Tangential to the notion of Plottable objects: if there were a standard protocol for passing data and style arguments to all plotting methods, it would be easier to build robust, higher level axes factories. Facets are one such factory, but there are others. For example (and not the prettiest, I admit), see the map at http://www.tableausoftware.com/public/gallery/new-jersey-test-score-analysis-visualization. It’s basically a faceted group of pie charts, that are positioned and sized according to more data. The generalized description is something like:

atomic_plot + faceted_by(variable) + positioned_by(x, y) + sized_by(z)

Where atomic_plot is an axes plot method (e.g., ax.pie, but why not ax.bar or any other single-variable plot?). You could imagine building a layered API like this, and it would be easier if the interface for all atomic_plot objects were compatible.
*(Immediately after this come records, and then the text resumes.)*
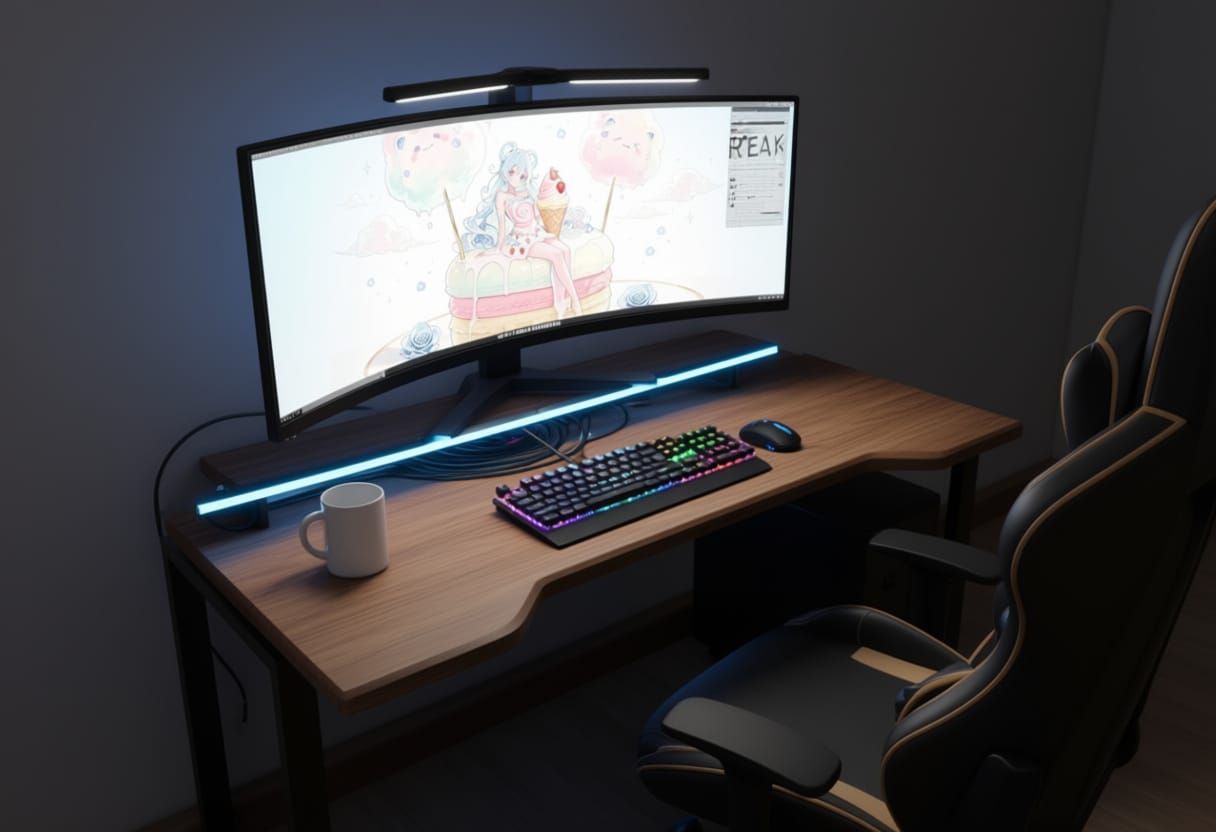 First-Person 3D Desk Setup with Anime Screen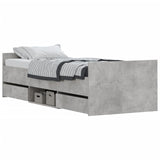 Cadre de lit sans matelas gris béton 75x190 cm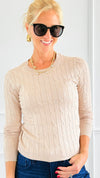 Hailey Knit Pullover Top - Khaki-140 Sweaters-Cielo-Coastal Bloom Boutique, find the trendiest versions of the popular styles and looks Located in Indialantic, FL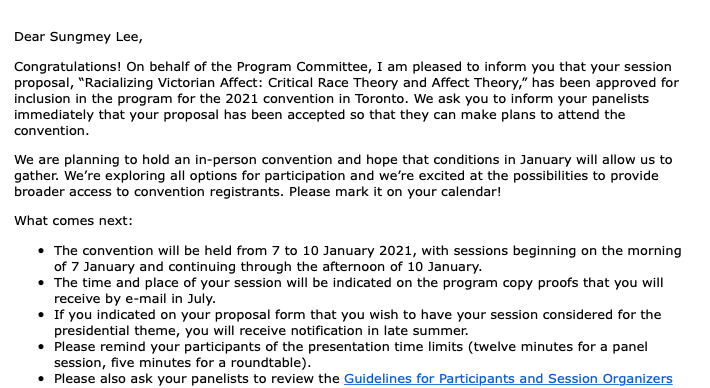 singingonewlee's tweet image. Excited to present alongside Alisha Walters, @amyrwong, and @oishani at #MLA2021 on &quot;Racializing Victorian Affect: Critical Race Theory and Affect Theory&quot;!! Thanks to our presider/co-organizer @ericakanesaka for making this session happen!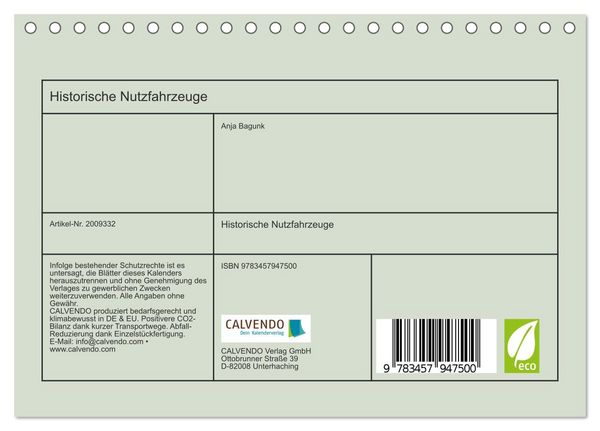 Produktbild: Historische Nutzfahrzeuge (Tischkalender 2026 DIN A5 quer), CALVENDO Monatskalender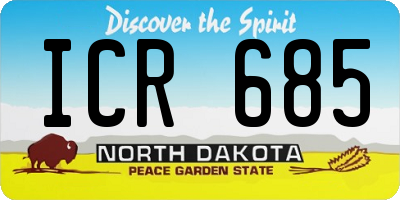 ND license plate ICR685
Matplotlib was first built to win converts over from matplotlib – with a layered API, you can start converting the ggplot/d3/bokeh/vega community :slight_smile:

Cheers,

Chris

What would feel more natural is if I could do the following:

f = Facet(…)

ax.facet(f, ‘scatter’)

Admittedly, functions like plot() are a total disaster, they take a plethora of different argument orders and types and try to conform to many calling signatures at once. Specifically, the way the data is passed to the plotting method varies wildly.

I think your Faceted plotting API supports exactly what I’m hoping to see matplotlib will move towards:

class Facet(matplotlib.Plottable)

def init(self, …)

f = Facet(…)

ax.scatter(f)